Banks trying to increase it’s impact in the people’s life

Despite both sides having a lot to offer the other, the balance of power between e-commerce companies and banks has long been messy.

In the last five years, users have flocked to e-commerce portals lured by the convenience and choice on offer. Together, Amazon and Flipkart have 300 million registered users, according to newspaper reports.

Impact of the e-commerce platforms

This user base has become a second-hand user acquisition and engagement channel for everyone from banks to fintech lenders to non-banking financial companies (NBFC). And during the festive season, when spends on e-commerce platforms spike, all these players find themselves locked in a competition to use their products over the other payment options on offer. “We need this to build salience with the user and build a deeper relationship with the customer,” explained a senior banker. Typically, a bank spends about Rs 15 crore during these events, according to the banker quoted above.
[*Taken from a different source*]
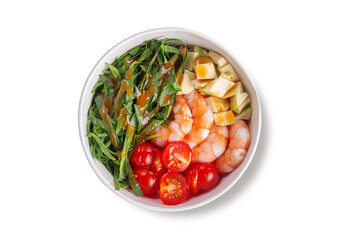 Delicious poke bowl with tender shrimp, fresh avocado cubes, cherry tomatoes, crisp greens and flavorful dressing, served in a paper bowl, top view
Latching on to e-commerce shoppers is especially crucial for lenders as nearly 50% of customers who shop online have never taken a loan before, according to an e-commerce executive at Flipkart. Being able to tap into this user base doesn’t just benefit banks and lenders, it also helps e-commerce platforms. Increased lending allows shoppers to spend on expensive goods like consumer durables.

Despite the benefits going both ways, however, the balance of power has skewed towards e-commerce platforms. With hundreds of millions of users, they are in charge. In addition, online sales prompt increased usage of debit cards, which are traditionally only used for ATM withdrawals. “We see higher digitization. Many users use their debit cards for the first time during these events,” says Ravi Santhanam, chief marketing officer of HDFC Bank.

With the deck stacked in their favor, e-commerce companies have ensured that their partners are the ones who share the bill for cashbacks equally. Santhanam, however, says e-commerce platforms foot the majority of cashbacks.

Giving in to the e-commerce platforms’ terms, however, doesn’t grant exclusivity. After all, Amazon and Flipkart are spoilt for choice when it comes to lending partners. And as if to rub salt in the wound, Flipkart has also applied for an NBFC license to begin lending on its own.

Even a large bank like HDFC hasn’t been able to alter this paradigm. According to a former Amazon executive, companies like Amazon don’t change the terms of the deal too much just because it’s a large bank. This is certain to have rubbed HDFC the wrong way. “HDFC Bank is not used to having terms dictated,” said a former HDFC Bank employee. Amazon did not respond to questions sent, while HDFC Bank did not comment on this specifically.

Beyond banking

The wake-up call for HDFC, however, was likely the co-branded credit cards that Amazon and Flipkart issued with ICICI Bank and Axis Bank, respectively. HDFC Bank’s bid did not meet the criteria laid out by the e-commerce giants, and it found itself out in the cold. According to an e-commerce executive, HDFC realized it could not take its partnership with the e-commerce companies for granted.

While HDFC responded to the loudest, it’s hardly the only one opting out. Other banks are also gauging the return on investment of these partnerships. HDFC’s smaller rival RBL too opted against partnering with an e-commerce company for the festive sales.

“The bank was not getting anything material in return (in terms of spending) from these deals for the amount it was investing. E-commerce companies want banks to fund the cashback and banks also pay them for visibility. This didn’t make sense. Or they end up giving days of the sale that are not that great,” said a source close to RBL Bank. He added that the bank, in fact, saw the same amount of spending even without the partnership.